● **Records for processing**:
+--

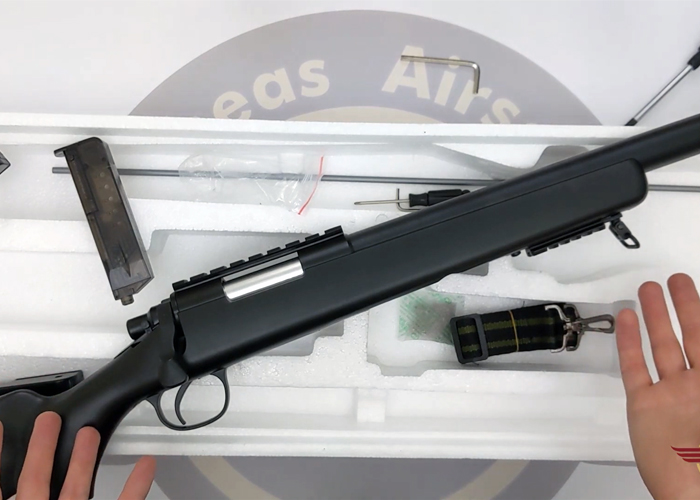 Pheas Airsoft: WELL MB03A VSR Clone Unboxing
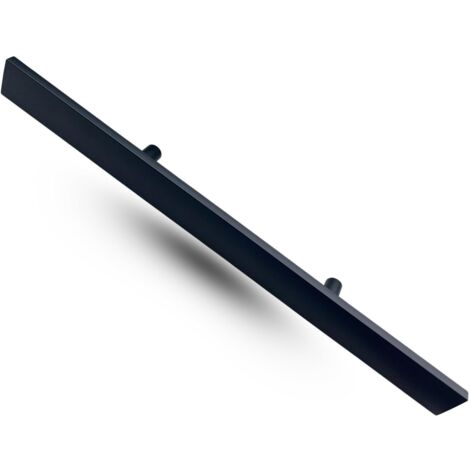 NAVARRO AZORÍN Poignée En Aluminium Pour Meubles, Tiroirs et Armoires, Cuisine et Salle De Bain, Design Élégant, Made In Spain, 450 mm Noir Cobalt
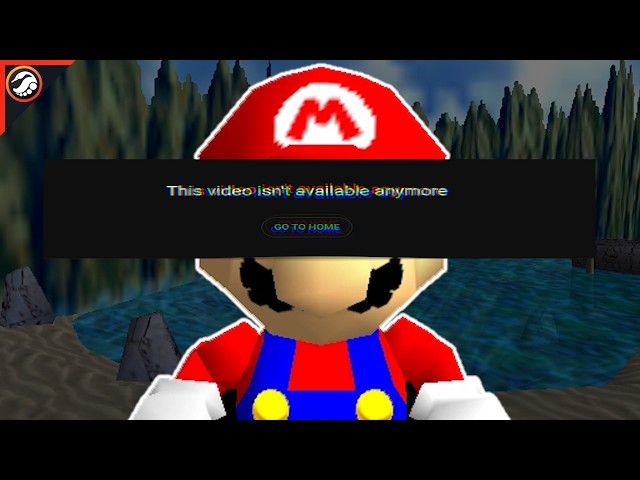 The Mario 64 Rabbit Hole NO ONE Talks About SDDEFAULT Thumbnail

+--

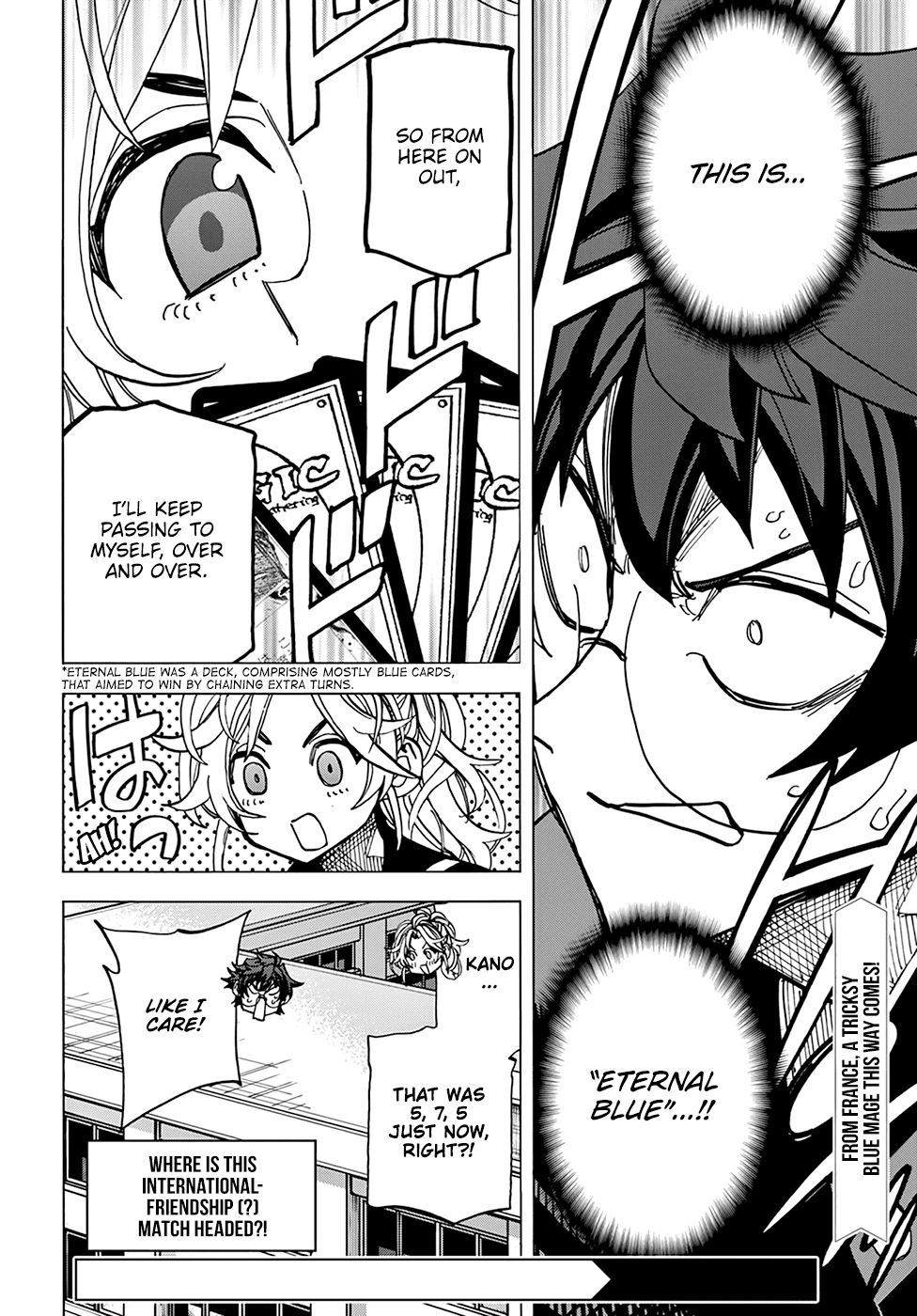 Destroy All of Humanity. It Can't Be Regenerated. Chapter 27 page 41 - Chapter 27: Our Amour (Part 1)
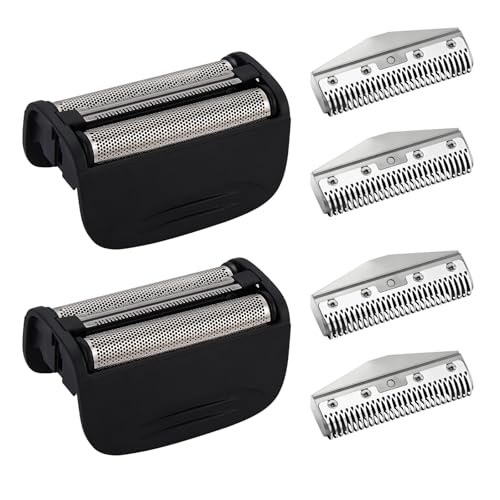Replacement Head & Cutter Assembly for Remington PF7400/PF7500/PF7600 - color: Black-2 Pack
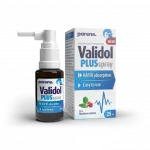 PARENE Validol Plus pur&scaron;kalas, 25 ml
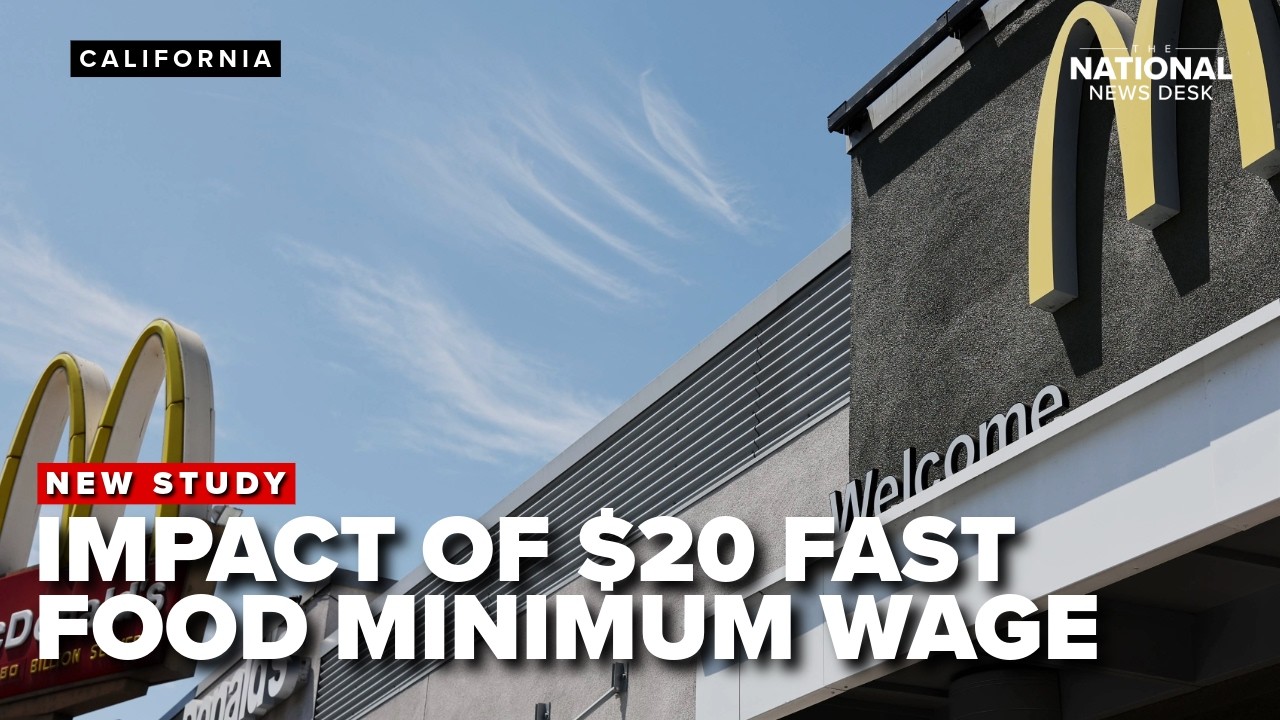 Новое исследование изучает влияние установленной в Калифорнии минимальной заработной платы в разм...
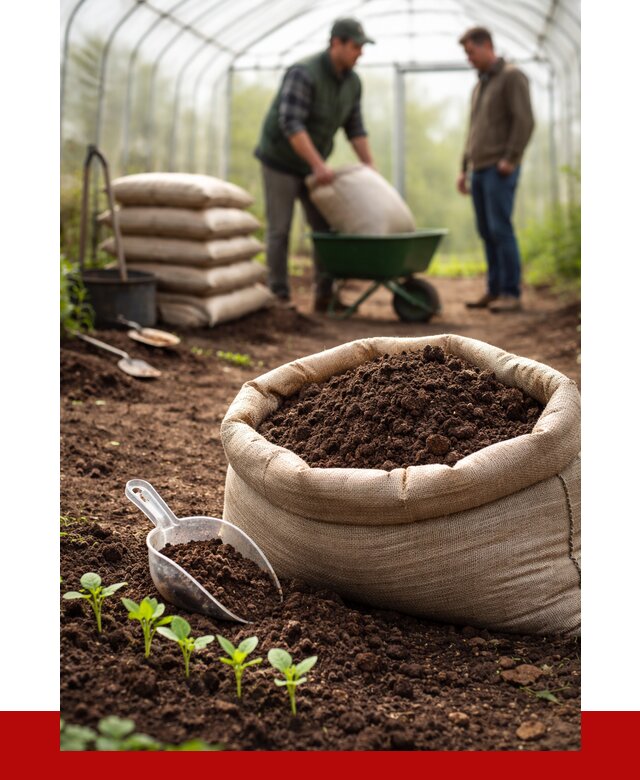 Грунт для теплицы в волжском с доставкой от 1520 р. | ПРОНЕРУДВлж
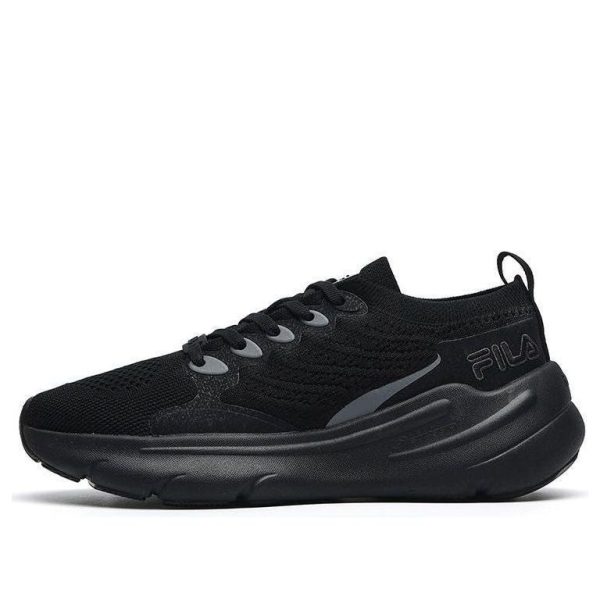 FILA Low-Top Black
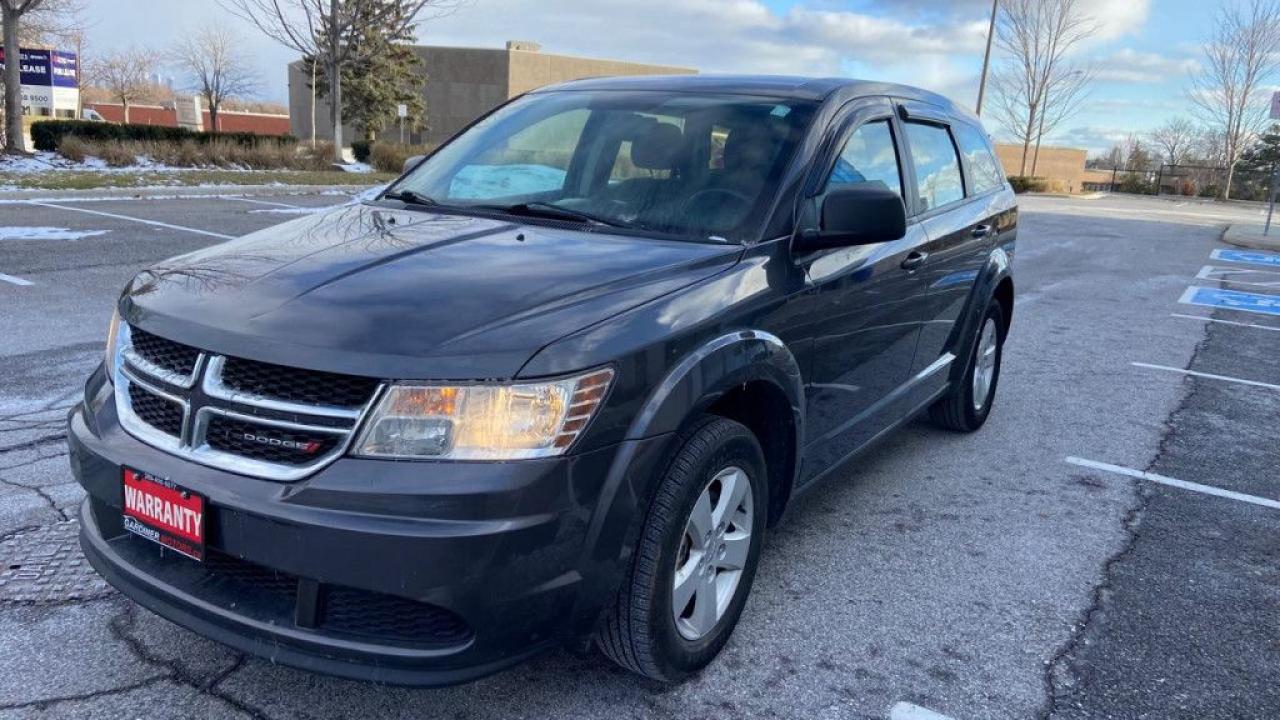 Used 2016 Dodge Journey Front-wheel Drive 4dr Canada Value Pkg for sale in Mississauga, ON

+--

● **What to work on**:
Output exactly the stretch of the listing that begins at the line containing "Новое исследование изучает" and ends at the line containing "Used 2016 Dodge", both kept. Omit pictures and everything else.

● **Exercise output**:
 Новое исследование изучает влияние установленной в Калифорнии минимальной заработной платы в разм...
 Грунт для теплицы в волжском с доставкой от 1520 р. | ПРОНЕРУДВлж
 FILA Low-Top Black
 Used 2016 Dodge Journey Front-wheel Drive 4dr Canada Value Pkg for sale in Mississauga, ON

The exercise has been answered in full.